Supplying Alcohol at Teenage Parties
How to manage a teenagers objections to having an alcohol-free party
The social pressure to conform to peer expectations surrounding alcohol at parties really mounts in the mid teen years. Some teenagers think that an alcohol-free party will be boring, placing considerable pressure on parents to supply alcohol at teenager’s parties.
Supplying your kids with alcohol is risky and dangerous. It is important to consider the dangers to young bodies and brains, as well as the legalities of supplying alcohol to minors. The law is getting tougher on underage drinking as we learn more about the risks involved. In fact several states now have Secondary Supply laws in place (such as Victoria, Queensland, New South Wales and Tasmania) and others are considering legislation, which means it is illegal for an adult to provide alcohol to a child under 18 unless they obtained the consent of that child’s parents.
As much as your kids may promise to love you forever and tell you what a ‘cool’ parent you would be if you did provide the alcohol, you must remember the risks involved. Although you may want to be best friends with your teenager, kids get the opportunity to have many friends but they only have one set of parents. Make sure that you carry out the responsibility, even if it makes you unpopular.
Allowing your teenager alcohol at home can worsen the situation. Many parents believe that allowing their kids to drink alcohol with a meal in a family setting will help demystify alcohol, thus making them less likely to drink dangerously at teenage parties. Research has shown that this is not necessarily correct. Teens can think that allowing them to drink in the home is tacit approval of alcohol, lowering the barriers for them to drink alcohol in other environments.
- Communicate. Explain why you want an alcohol-free party. Tell them about the range of risks involved and your concerns about their physical, psychological and social health and if appropriate, make sure they understand your legal obligations. They may not agree with your views on the matter but they need to understand why you have created the rules that exist in your home.
- Don’t be afraid to say ‘no’. Your child learns more from one word than almost any other – ‘no’. Unfortunately too many parents fear that saying ‘no’ to their child will make them unpopular. Remember, your child has lots of opportunities to make friends; they only have one set of parents.
- Challenge unfound statements. If your child tells you that you are the ‘only Mum who won’t allow us to have alcohol at a party’ – make sure you do not let this statement go unchallenged. Most parents do not support providing alcohol for underage parties. If your teenager insists that this is the truth, let them provide some proof. Give them a piece of paper and a pen and ask them to supply names and phone numbers of five parents who do provide alcohol.

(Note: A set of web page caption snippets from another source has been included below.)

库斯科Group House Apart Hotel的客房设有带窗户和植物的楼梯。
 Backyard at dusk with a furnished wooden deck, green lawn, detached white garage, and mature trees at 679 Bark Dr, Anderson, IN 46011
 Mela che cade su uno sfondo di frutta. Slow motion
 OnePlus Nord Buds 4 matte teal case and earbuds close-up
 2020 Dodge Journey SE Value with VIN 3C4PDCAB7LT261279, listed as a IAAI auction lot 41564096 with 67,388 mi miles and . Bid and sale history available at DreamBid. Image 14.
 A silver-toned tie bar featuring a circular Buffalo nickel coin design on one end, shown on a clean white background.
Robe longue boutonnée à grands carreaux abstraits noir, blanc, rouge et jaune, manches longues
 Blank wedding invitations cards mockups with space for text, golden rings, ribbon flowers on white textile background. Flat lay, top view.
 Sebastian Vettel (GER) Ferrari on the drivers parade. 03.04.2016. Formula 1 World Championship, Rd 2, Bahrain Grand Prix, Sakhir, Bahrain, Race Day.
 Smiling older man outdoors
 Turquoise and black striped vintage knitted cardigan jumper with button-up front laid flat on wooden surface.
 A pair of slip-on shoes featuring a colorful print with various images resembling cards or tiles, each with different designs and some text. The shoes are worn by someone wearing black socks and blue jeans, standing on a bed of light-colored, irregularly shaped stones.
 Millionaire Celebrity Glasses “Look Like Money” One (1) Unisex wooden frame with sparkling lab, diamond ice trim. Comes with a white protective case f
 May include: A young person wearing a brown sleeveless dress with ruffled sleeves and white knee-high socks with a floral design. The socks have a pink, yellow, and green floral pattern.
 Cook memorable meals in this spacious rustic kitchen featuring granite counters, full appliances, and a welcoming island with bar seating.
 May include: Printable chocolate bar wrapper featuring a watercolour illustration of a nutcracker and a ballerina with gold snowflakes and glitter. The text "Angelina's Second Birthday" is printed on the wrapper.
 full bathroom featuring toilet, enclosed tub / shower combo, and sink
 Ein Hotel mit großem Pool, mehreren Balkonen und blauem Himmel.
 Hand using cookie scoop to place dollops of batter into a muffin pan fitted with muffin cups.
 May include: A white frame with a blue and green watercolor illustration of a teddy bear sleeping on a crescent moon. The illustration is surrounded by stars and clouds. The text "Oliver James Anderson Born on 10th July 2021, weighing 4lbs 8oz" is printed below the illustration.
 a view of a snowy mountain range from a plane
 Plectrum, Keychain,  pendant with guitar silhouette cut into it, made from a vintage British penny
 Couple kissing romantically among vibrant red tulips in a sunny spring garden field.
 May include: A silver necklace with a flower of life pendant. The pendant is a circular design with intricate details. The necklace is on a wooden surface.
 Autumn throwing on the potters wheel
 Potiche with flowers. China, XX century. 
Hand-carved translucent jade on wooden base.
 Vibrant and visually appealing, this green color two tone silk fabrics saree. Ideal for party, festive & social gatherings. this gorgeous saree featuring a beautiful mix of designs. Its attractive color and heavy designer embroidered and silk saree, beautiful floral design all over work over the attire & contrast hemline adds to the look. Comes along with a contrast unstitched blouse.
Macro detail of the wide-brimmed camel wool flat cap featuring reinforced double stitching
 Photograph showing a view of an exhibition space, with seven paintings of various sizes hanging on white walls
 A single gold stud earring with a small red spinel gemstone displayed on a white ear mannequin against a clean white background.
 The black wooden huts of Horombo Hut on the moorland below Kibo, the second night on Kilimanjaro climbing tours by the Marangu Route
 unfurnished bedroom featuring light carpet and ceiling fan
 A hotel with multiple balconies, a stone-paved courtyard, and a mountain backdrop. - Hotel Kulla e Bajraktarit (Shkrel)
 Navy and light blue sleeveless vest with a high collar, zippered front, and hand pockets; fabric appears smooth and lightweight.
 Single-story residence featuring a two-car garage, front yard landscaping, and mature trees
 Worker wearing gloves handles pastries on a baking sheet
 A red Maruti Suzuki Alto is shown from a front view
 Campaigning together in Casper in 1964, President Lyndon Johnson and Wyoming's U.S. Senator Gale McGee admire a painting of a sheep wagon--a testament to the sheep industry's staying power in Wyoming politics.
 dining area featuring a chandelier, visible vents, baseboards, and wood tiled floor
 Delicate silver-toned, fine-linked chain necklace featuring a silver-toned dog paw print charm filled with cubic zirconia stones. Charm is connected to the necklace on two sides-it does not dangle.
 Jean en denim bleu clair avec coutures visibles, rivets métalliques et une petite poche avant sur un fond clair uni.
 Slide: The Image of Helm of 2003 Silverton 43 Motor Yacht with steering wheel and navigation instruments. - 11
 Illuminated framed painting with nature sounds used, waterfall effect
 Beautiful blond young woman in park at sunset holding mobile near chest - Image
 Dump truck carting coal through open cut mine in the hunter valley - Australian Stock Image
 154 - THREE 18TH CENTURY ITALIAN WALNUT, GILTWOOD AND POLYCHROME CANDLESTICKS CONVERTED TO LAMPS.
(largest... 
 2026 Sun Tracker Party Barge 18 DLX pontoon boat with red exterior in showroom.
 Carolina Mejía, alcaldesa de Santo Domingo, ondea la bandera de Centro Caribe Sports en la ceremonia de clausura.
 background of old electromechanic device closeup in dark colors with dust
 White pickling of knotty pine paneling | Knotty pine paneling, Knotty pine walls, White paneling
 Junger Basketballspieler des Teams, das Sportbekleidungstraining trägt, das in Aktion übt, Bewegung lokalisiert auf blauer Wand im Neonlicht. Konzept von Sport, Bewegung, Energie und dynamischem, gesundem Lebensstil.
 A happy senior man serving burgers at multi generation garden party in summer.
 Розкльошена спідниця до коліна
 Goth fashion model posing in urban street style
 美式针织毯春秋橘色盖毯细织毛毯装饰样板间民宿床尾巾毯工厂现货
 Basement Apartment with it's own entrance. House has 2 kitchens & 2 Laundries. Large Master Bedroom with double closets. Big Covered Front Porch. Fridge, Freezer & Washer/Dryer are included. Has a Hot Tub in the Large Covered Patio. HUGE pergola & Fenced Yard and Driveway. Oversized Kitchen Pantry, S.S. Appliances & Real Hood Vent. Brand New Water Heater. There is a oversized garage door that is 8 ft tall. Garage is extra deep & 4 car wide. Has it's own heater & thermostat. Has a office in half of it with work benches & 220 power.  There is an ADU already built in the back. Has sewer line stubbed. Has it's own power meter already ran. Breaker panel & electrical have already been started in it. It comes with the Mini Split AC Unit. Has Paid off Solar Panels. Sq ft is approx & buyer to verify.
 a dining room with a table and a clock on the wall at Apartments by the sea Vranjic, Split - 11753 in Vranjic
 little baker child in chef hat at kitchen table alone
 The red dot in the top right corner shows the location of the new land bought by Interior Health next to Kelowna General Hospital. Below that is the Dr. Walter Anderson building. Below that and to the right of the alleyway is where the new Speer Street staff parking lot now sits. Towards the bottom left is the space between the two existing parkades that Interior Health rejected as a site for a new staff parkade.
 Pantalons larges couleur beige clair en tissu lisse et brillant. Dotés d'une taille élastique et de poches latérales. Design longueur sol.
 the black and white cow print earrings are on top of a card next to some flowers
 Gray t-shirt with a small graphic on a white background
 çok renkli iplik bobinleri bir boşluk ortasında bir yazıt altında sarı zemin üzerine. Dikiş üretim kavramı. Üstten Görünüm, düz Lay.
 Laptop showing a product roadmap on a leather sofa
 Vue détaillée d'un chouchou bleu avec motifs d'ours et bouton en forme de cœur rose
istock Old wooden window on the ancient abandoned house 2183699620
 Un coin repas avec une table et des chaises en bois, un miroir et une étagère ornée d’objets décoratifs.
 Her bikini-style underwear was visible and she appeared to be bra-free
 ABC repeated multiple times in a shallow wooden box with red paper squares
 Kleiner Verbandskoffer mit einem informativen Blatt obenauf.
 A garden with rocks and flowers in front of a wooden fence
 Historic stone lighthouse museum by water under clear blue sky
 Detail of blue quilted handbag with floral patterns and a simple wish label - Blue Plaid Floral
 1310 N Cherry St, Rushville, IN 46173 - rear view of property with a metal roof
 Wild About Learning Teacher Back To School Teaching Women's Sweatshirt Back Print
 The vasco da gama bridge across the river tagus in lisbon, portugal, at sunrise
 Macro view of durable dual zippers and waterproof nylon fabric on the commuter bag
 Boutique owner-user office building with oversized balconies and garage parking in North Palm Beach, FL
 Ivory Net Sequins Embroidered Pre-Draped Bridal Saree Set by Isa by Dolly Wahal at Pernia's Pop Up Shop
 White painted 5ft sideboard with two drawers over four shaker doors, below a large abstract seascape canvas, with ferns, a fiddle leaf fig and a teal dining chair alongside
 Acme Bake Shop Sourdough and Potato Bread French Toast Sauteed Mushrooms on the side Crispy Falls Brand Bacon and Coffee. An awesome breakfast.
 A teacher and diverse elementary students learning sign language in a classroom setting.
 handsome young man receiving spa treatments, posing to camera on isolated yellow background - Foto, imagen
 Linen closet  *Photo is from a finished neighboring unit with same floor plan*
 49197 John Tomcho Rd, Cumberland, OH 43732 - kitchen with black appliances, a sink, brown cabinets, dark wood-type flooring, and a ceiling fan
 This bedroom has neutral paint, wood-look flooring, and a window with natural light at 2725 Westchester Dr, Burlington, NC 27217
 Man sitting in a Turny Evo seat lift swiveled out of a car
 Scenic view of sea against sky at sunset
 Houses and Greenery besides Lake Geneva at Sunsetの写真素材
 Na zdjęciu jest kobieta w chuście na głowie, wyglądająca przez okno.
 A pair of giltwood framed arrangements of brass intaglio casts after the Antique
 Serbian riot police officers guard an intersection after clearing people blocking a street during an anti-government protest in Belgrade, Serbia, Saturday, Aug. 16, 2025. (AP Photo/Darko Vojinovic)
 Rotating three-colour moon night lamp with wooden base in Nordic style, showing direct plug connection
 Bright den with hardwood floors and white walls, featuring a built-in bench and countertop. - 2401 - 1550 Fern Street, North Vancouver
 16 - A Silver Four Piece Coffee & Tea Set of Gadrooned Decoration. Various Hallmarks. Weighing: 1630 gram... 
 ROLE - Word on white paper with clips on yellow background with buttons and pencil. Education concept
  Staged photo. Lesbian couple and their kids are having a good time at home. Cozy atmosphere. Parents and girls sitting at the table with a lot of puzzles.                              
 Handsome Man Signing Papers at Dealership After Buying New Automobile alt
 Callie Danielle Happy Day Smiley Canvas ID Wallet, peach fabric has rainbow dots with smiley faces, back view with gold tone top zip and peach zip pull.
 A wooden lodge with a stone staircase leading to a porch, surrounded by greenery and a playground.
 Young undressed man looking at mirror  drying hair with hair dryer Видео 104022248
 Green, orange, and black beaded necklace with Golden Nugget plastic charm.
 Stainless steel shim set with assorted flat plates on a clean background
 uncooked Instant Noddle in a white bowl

- Talk to other parents. Make sure other parents know your views on putting on a teenage party and providing alcohol. If you believe that it is not appropriate, you will probably be pleasantly surprised as to how many parents agree with your stance. If parents have differing viewpoints, that is their right, but let them know your reasons and make it clear that you do not want your child to drink at this stage in their life.
- Develop a plan with your child. It is extremely important that your child understands the responsibility you are undertaking holding a teenage party. Sit down with them and develop a ‘risk assessment plan’, which clearly outlines all of the things that could go wrong through the night, firstly for a party that is alcohol-free, and then where alcohol is present. For every risk that is identified, get your child to develop an appropriate response. Hopefully it will become abundantly clear to them that even an alcohol-free party can be risky, adding alcohol to the mix is highly problematic.
- Be aware of your legal obligations should you provide alcohol at your teenager’s party.